+++ PROVIDED RECORDS

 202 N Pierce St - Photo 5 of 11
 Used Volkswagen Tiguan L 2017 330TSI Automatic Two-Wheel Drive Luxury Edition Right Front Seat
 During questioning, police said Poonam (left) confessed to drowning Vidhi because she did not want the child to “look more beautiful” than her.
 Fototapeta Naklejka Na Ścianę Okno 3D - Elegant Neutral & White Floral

++++++
+++ PROVIDED RECORDS

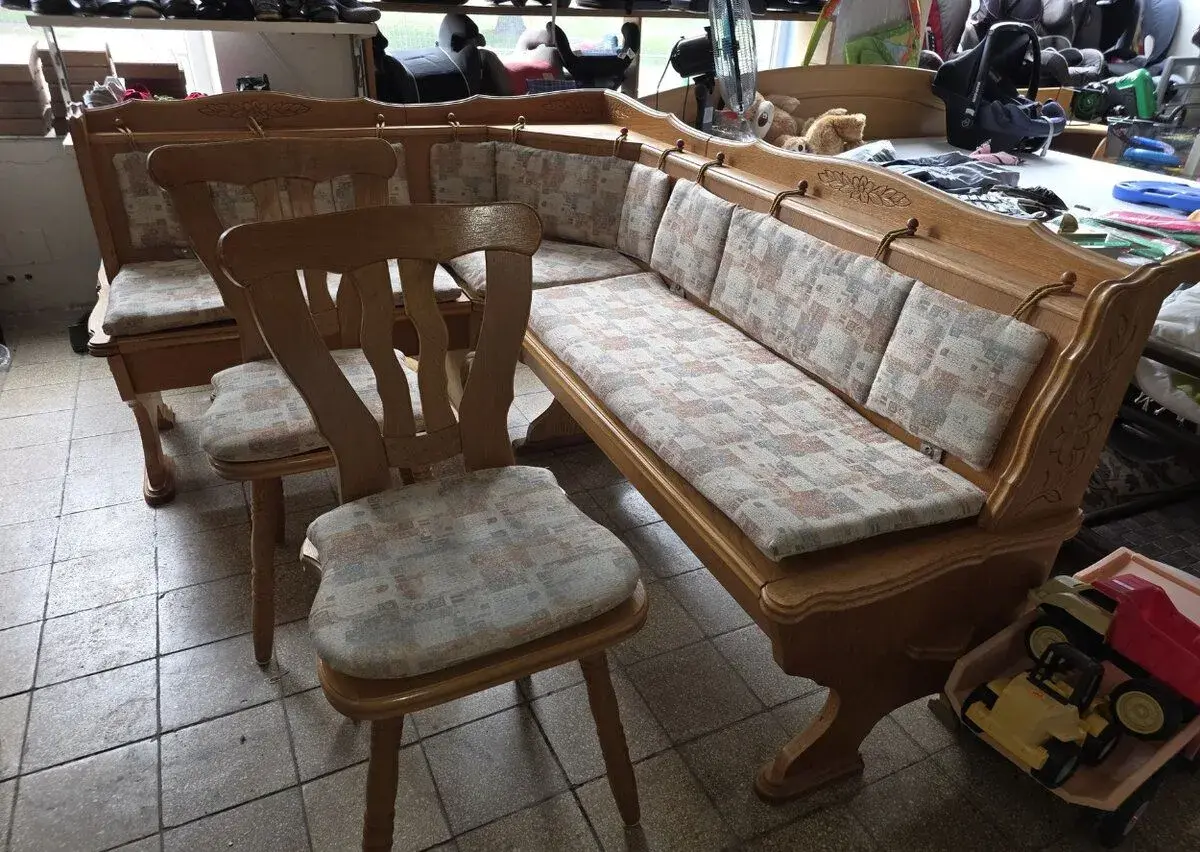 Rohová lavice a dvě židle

++++++

__EXERCISE BRIEF__: In the listing above, find the line with "Used Volkswagen Tiguan" and the line with "Fototapeta Naklejka Na"; output exactly those lines and all lines between them.

__ANSWER FOR THIS EXERCISE__:
 Used Volkswagen Tiguan L 2017 330TSI Automatic Two-Wheel Drive Luxury Edition Right Front Seat
 During questioning, police said Poonam (left) confessed to drowning Vidhi because she did not want the child to “look more beautiful” than her.
 Fototapeta Naklejka Na Ścianę Okno 3D - Elegant Neutral & White Floral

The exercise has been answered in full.